Du reste, il ne suffit pas de prendre la parole pour avoir quelque chose à dire, et ce ne sont pas ceux qui prennent habituellement la parole, parmi la cohorte d’individus qui sont autorisés à parler, par exemple, de l’état des prisons, à l’occasion de débats publiques préparés, sur des plateaux de télévision ou à l’intérieur d’un programme d’intervention comme un colloque ou une conférence, qui ont justement quelque chose à dire sur le sujet. Bien au contraire, les effets de parole, d’annonce, du dire ont vocation, dans ce système de neutralisation, d’absorption et de récupération de l’expression, de se volatiliser, de se dissiper, de se perdre dans un nuage de poussière de sons et de bruits s’entrechoquant au hasard, semblablement à ce qui se passe dans la nature tourbillonnante composée, selon les matérialistes grecs comme Leucippe et Démocrite, d’atomes et de vide, de saturer la capacité individuelle d’audition, de réflexion et de création par le moyen d’un brouhaha indescriptible et permanent.
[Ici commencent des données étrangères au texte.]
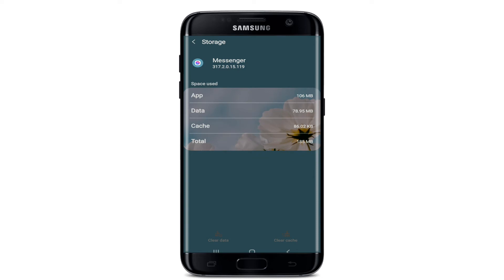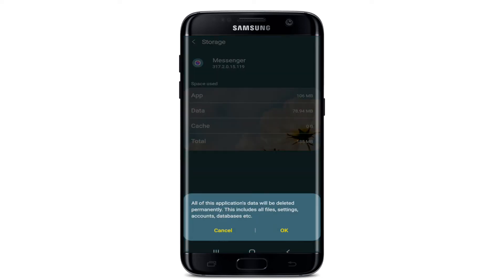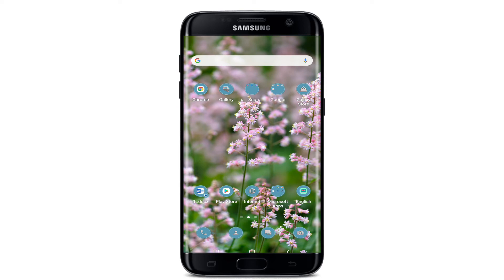From the same page, tap on Clear Cache at the bottom right and tap on Clear Data at the bottom left, and from the pop-up select OK. After you make this change, all the application's data will be deleted permanently, which includes files, settings, accounts, and databases. Once you tap OK, open your Facebook Messenger and see if your problem has been solved.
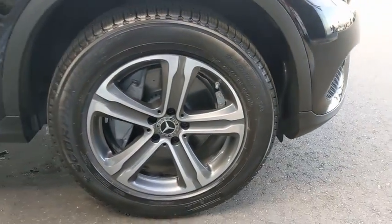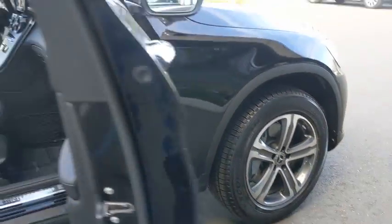This vehicle has less than 5,000 miles. Here are some of this vehicle's great options.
De sorte que l’on assiste à un phénomène pour le moins curieux : bien que nos démocraties libérales, dopées à l’économie de marché, se targuent de favoriser la liberté d’expression comme un bien consommable par tous, il y a lieu de relever que cette liberté du dire donne à voir paradoxalement un enfoncement et un égarement de la parole dans des procédures de répétition, de rengaine et de refrain monotone qui rendent proprement le propos inefficace, hors-sujet, et qui le charge d’un indice de profonde inutilité, de vanité et d’inconséquence. En d’autres termes, bien que l’on puisse apparemment tout dire (ou presque), rien de ce qui est dit n’est en fait serti d’efficacité, de promesse de changement, d’action, de constance logique. Jamais rien de ce qui est dit n’est suivi de l’effet escompté, rien de ce qui s’exprime en paroles ne s’adosse à une conception politiquement efficiente, neuve ou prometteuse du vivre-ensemble, ou ne se relie à une cause. Autant dire que le propos démocratique est proprement verbeux, se ruine dans les dispositifs diffus de bavardage, tourne à vide et se consomme lui-même dans son expressivité même, disparaît dans la seconde même qui suit l’apparition de sa prononciation, de son bredouillement. A cet égard, on ne se privera pas de relire ces lignes du philosophe A. Brossat :

« Nous ne sommes pas privés de la parole, loin de là, mais nous sommes, politiquement, sans voix, pour autant que, de manière de plus en plus manifeste, le dispositif électoral et parlementaire, loin de permettre que le rassemblement de nos voix se transforme en volonté générale, expression de notre souveraineté en acte, est destiné – à l’inverse exactement – à reconduire la forme effectivement oligarchique du gouvernement des populations, assurer la continuité d’un pastorat humain plus ou moins éclairé ou défaillant (…). Tout ce que nous pouvons dire, avons à dire, qui concerne les affaires publiques, le domaine politique, le « commun » n’est que flatus vocis, tandis que le statut d’énonciateur des discours, paroles, énoncés qui comptent [souligné dans le texte] est de plus en plus exclusivement réservé à une ou des castes : élites politiques, communicants, journalistes, lobbyistes, faiseurs d’opinion, etc. […]. Cette dépréciation de la parole des gens ordinaires inscrite dans l’horizon du commun ou de la collectivité conduit naturellement à une ‘chute de la cote’, pour parler comme Walter Benjamin, de la parole tout court : l’insignifiance de la parole publique nourrit son devenir trash, le goût régressif de dire n’importe quoi, n’importe comment, puissamment attisé par la structure communicationnelle elle-même : la radio, la télé, Internet, le téléphone portable se présentent désormais (…) comme des dispositifs destinés à assurer la prolifération à l’infini de la parole jetable, du discours kleenex, des mots sans suite destinés seulement à meubler la désolation du monde, à l’image de toutes les musiques de salle de bain, de hall de gare et de supermarché3 ».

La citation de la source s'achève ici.